Il presentatore, scomparso all'età di 60 anni, è stato protagonista di una televisione sempre elegante e che mai rincorreva le volgarità

Non urlava mai Fabrizio Frizzi, e cercava di scappare a gambe levate da quelle trasmissioni che sull'urlaccio ci hanno sempre campato. Non gli apparteneva, non era il suo modo di fare televisione, un modo gentile, educato, a volte un po' inutile ma sempre di livello. Dal Paroliamo che ha formato parecchi cinquantenni di oggi, gioco pomeridiano che richiedeva persino l'utilizzo del cervello, alla conduzione plurincensata di "Scommettiamo che", in cui brave persone presentavano i loro azzardi fatti di piccole cose e il massimo della tv sguaiata era una doccia come penitenza.

Partite del cuore, Telethon, tanta beneficenza mai sbandierata, Fabrizio Frizzi ha sempre sorriso davanti alle telecamere, non ha scatenato inutili polemiche per un pugno di ascolti, è accorso quando mamma Rai gli ha chiesto di salvare un programma pronto ad affondare e si è fatto da parte quando l'aria che tirava non soffiava più in suo favore.

Persino nella vita privata non ha mai dato adito a copertine sguaiate, su quei giornali che pendono dalle urla dei personaggi televisivi.
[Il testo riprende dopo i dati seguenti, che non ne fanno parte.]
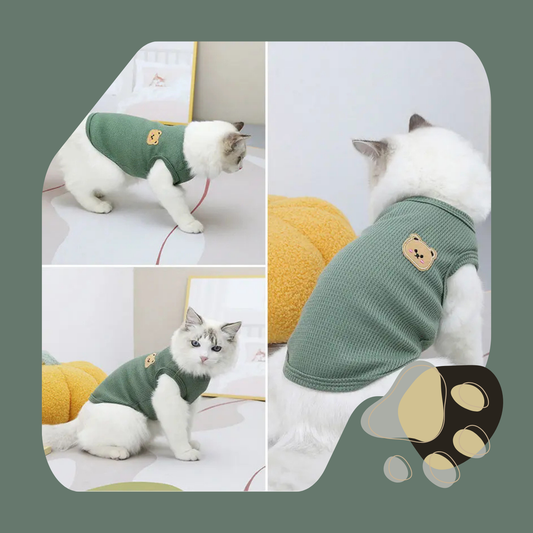 CAMISA DE URSO PARA GATOS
La sua lunga storia d'amore con Rita Dalla Chiesa, una signora più adulta di lui, è stata trattata in quanto tale, e la separazione e il divorzio non sono riusciti e sfociare in pettegolezzi di bassa lega. Così come la relazione con Carlotta, concorrente di Miss Italia, con cui nacque “Un amore travolgente”, un matrimonio romantico, una bambina e una storia solida al punto da non riuscire a farsi sporcare dal gossip.

Un signore, un po' goffo, che inciampava con simpatia, e con quella pronuncia inconfondibile, sembrava esattamente il vicino di casa gradevole a cui andare a chiedere in prestito il cognac per sfumare l'arrosto.

Nel giorno in cui il cordoglio straziante dell'opinione pubblica dà una vaga misura dell'affetto che il pubblico gli ha tributato in una carriera cominciata nel lontano 1980, ci piace ricordarlo con la maschera di Piero Pelù a "Tale e Quale show". Una partecipazione in cui dimostrò che la lezione elegante di Alighiero Noschese si poteva usare, digerire e regalare. E al contrario di molti, senza urlare mai.